Check each line of the data, and copy those where "Tattoo" appears.

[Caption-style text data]
******

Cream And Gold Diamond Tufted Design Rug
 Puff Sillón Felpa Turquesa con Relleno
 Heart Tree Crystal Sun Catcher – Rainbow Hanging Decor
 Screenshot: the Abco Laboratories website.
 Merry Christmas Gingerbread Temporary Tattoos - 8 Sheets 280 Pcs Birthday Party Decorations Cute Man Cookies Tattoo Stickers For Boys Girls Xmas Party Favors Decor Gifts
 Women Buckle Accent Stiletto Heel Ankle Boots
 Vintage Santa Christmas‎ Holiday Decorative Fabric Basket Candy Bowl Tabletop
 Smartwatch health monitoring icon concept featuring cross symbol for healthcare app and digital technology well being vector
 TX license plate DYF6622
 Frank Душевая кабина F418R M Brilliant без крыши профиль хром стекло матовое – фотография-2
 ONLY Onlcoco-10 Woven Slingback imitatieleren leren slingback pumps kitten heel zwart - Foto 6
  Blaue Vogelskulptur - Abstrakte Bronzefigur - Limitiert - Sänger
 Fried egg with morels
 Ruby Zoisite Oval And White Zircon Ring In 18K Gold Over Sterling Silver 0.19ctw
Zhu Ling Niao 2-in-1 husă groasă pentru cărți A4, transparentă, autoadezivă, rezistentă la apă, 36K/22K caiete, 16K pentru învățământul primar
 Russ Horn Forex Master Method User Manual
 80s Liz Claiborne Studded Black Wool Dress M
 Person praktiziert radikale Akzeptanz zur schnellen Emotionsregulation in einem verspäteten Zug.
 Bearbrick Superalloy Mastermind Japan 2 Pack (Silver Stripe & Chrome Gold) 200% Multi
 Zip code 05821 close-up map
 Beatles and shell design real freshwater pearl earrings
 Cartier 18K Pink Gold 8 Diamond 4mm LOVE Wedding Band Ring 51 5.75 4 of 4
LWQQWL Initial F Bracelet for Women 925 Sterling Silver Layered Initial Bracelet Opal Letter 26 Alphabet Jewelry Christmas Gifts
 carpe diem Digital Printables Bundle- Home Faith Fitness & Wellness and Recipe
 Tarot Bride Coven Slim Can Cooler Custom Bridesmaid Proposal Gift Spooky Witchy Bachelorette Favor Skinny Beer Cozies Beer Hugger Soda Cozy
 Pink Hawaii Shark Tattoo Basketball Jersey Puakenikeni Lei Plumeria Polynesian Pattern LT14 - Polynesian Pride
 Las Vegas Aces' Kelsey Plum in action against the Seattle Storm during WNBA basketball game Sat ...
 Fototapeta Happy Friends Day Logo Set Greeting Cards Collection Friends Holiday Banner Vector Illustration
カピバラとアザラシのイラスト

******

Result of the exercise =>
 Merry Christmas Gingerbread Temporary Tattoos - 8 Sheets 280 Pcs Birthday Party Decorations Cute Man Cookies Tattoo Stickers For Boys Girls Xmas Party Favors Decor Gifts
 Pink Hawaii Shark Tattoo Basketball Jersey Puakenikeni Lei Plumeria Polynesian Pattern LT14 - Polynesian Pride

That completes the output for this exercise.